I had no idea what that meant. I froze. And she looked at me exactly how the “What’s up?” girl from middle school looked at me. She wasn’t sure if I was deaf or dumb or both. She kept her patience and explained, “Slating your name means saying your name to the camera; just introduce yourself.” Why the fuck didn’t you just say that then? What the fuck is a slate? I concealed my rage and followed her instructions like a good boy.
“Hi, my name is Jimmy, I am originally from Hong Kong, now I live—”
“Just your name is fine,” the Ikea desk man cut me off again. “Now read your sides.”

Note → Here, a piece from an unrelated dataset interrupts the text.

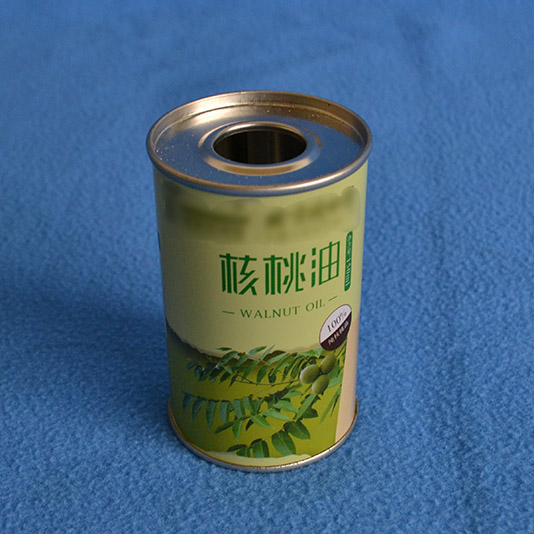 创新铁罐包装4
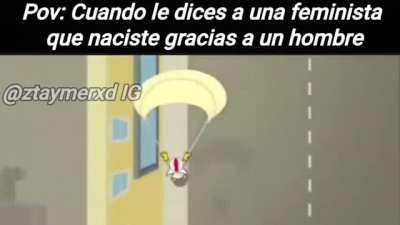LO ADMITO, NO SE USAR EL POV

I had no idea what sides were either, but instead of freezing up again, I assumed it was the generic Staples commercial he handed me, so I started:
“Staples, where everything you need for back to school is in one store. Staples, make more happen.”
“Okay, thanks.”
And that was it. The lady put the camcorder down and ushered me out of the rental office/agency. Well, I blew it. I blew my shot in Hollywood because I didn’t know what slate meant. My barrier with the English language had come back to knock me down in the most important interview of my life. All my English training and watching BET Rap City meant nothing. I sucked so bad I was rejected by a commercial agency in an apartment rental office. Time to call it quits and move back to my dad’s. It was stupid of me to think that I could make it as anything in Hollywood; I was obviously destined to be a quiet financial adviser like the nice Asian boy my dad wanted me to be.